# THE RECORDS

====

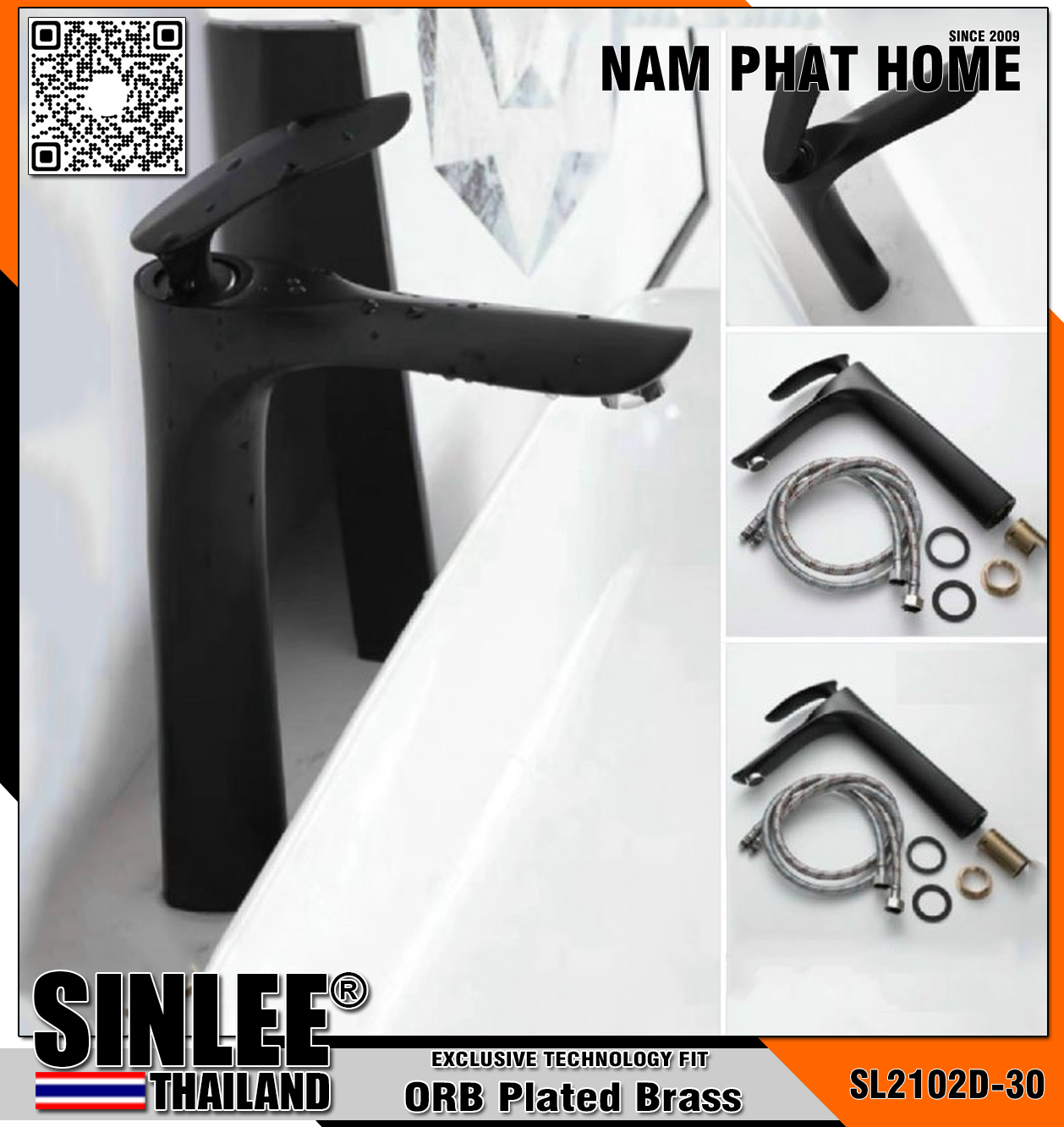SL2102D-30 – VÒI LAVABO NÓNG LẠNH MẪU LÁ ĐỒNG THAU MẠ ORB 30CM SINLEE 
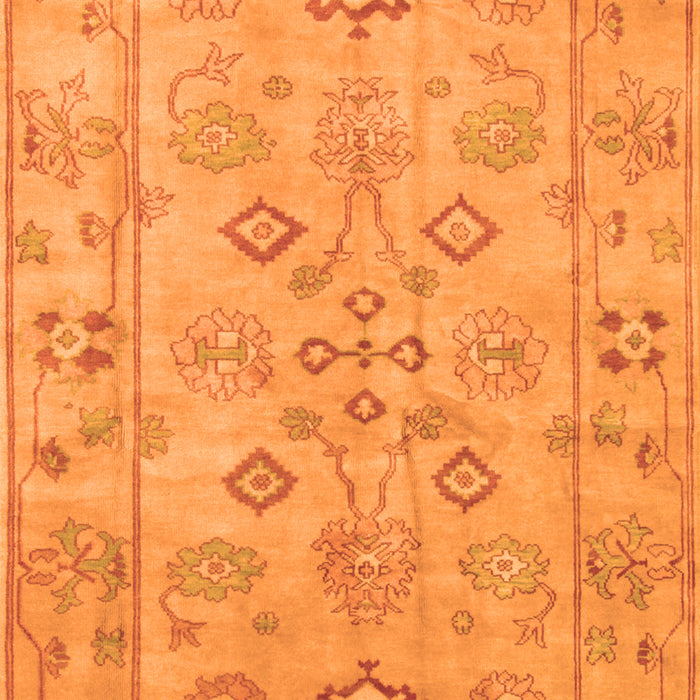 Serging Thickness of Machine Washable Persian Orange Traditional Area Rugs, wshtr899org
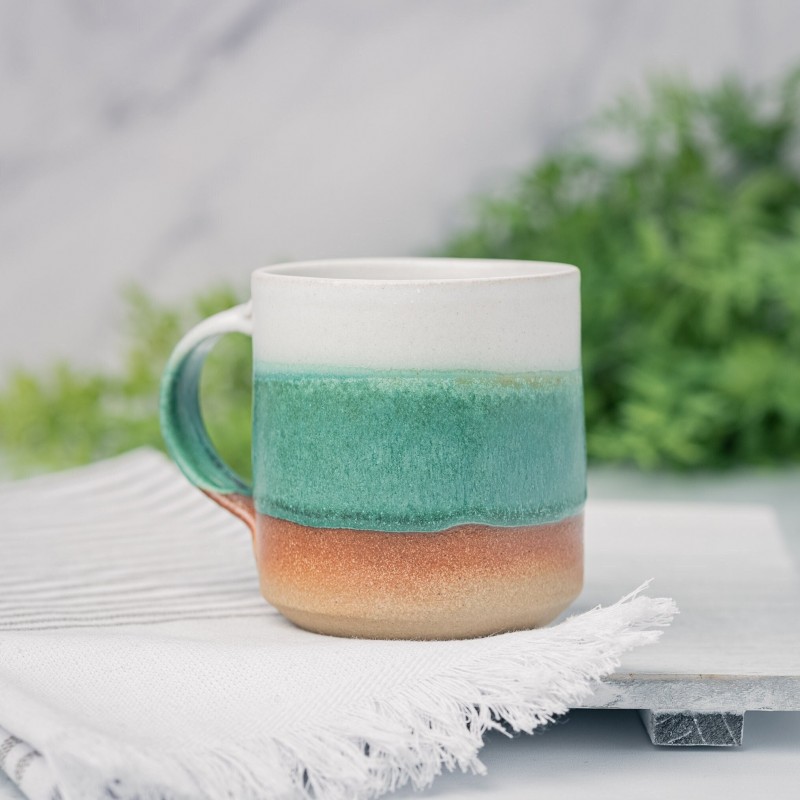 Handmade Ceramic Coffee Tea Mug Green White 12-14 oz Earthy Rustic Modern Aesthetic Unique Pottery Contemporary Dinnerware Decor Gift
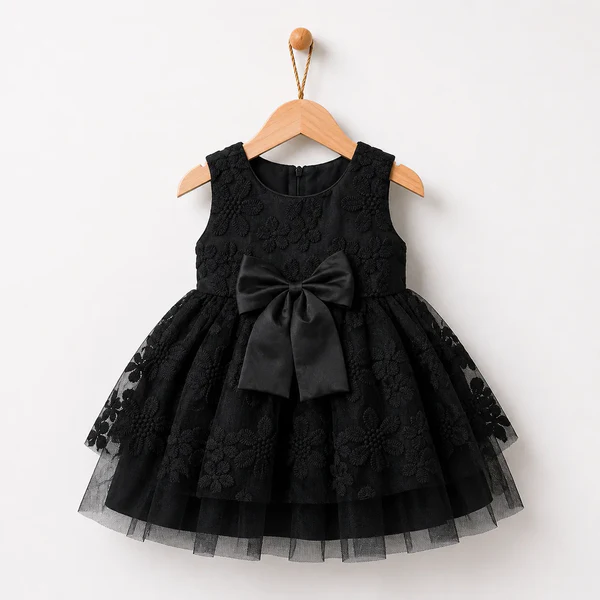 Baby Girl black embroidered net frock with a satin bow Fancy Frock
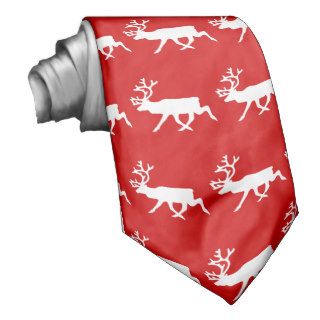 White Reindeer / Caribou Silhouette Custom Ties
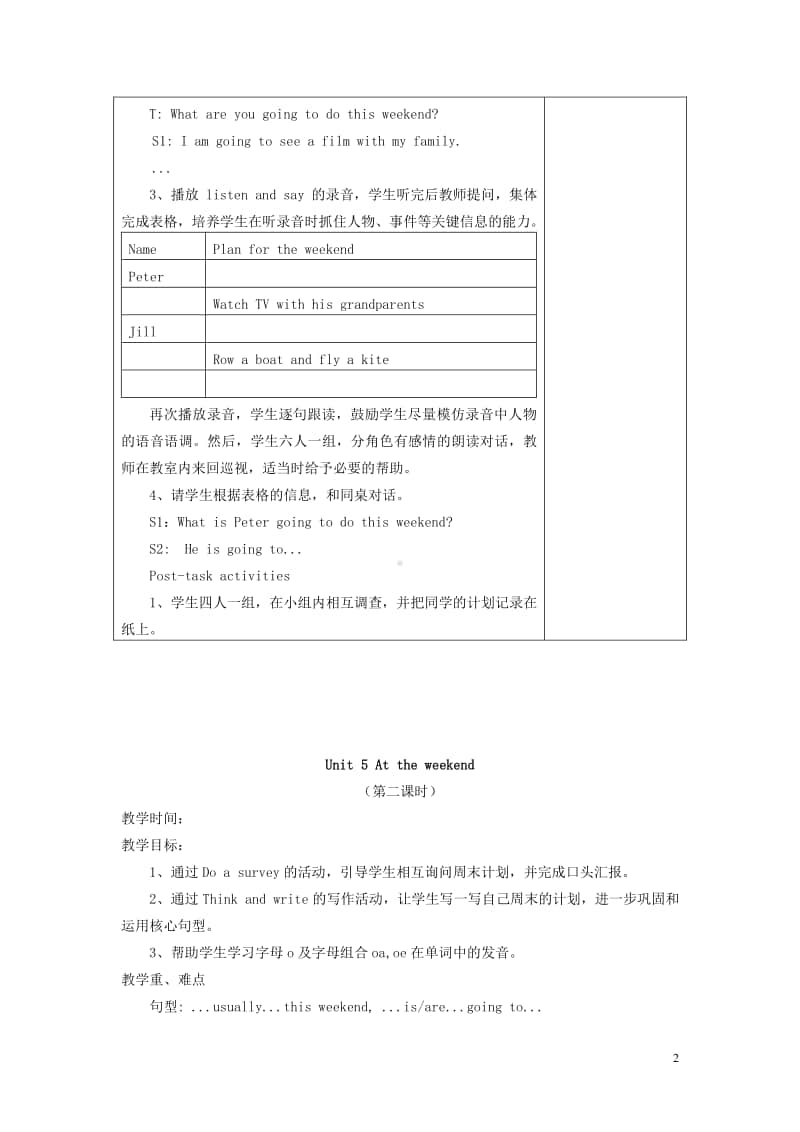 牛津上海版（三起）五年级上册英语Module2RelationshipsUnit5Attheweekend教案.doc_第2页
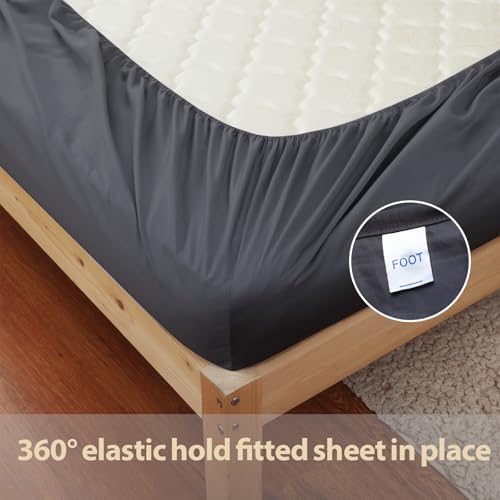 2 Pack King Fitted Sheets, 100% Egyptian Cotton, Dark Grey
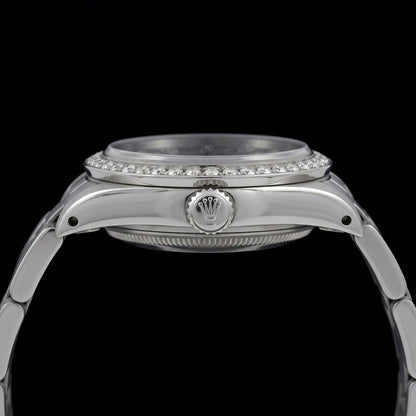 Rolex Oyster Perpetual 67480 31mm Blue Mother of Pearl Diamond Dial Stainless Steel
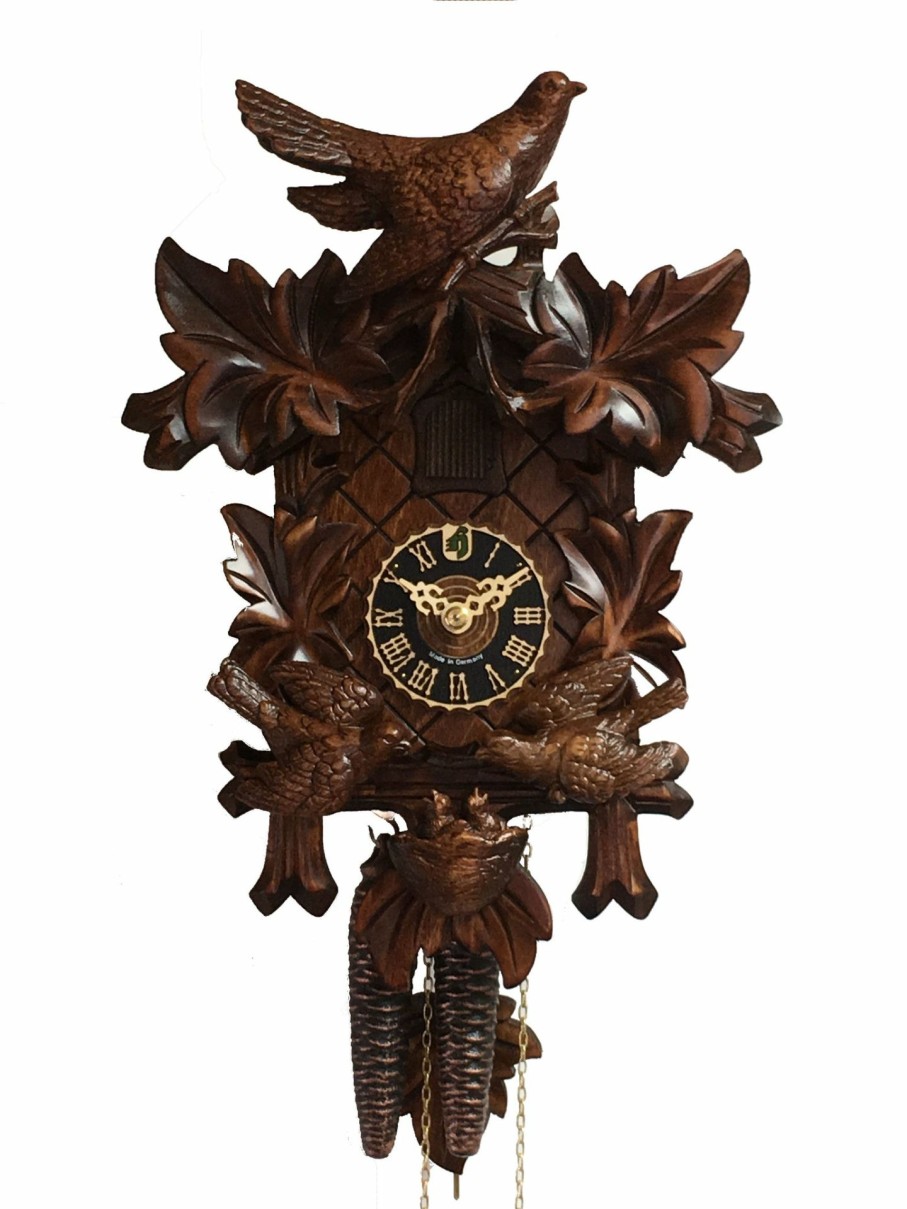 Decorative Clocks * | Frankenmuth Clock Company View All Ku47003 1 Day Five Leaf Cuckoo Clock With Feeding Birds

====

# PROBLEM TO SOLVE
Print the records above verbatim, pictures excluded.

# EXERCISE OUTPUT
SL2102D-30 – VÒI LAVABO NÓNG LẠNH MẪU LÁ ĐỒNG THAU MẠ ORB 30CM SINLEE 
 Serging Thickness of Machine Washable Persian Orange Traditional Area Rugs, wshtr899org
 Handmade Ceramic Coffee Tea Mug Green White 12-14 oz Earthy Rustic Modern Aesthetic Unique Pottery Contemporary Dinnerware Decor Gift
 Baby Girl black embroidered net frock with a satin bow Fancy Frock
 White Reindeer / Caribou Silhouette Custom Ties
 牛津上海版（三起）五年级上册英语Module2RelationshipsUnit5Attheweekend教案.doc_第2页
 2 Pack King Fitted Sheets, 100% Egyptian Cotton, Dark Grey
 Rolex Oyster Perpetual 67480 31mm Blue Mother of Pearl Diamond Dial Stainless Steel
 Decorative Clocks * | Frankenmuth Clock Company View All Ku47003 1 Day Five Leaf Cuckoo Clock With Feeding Birds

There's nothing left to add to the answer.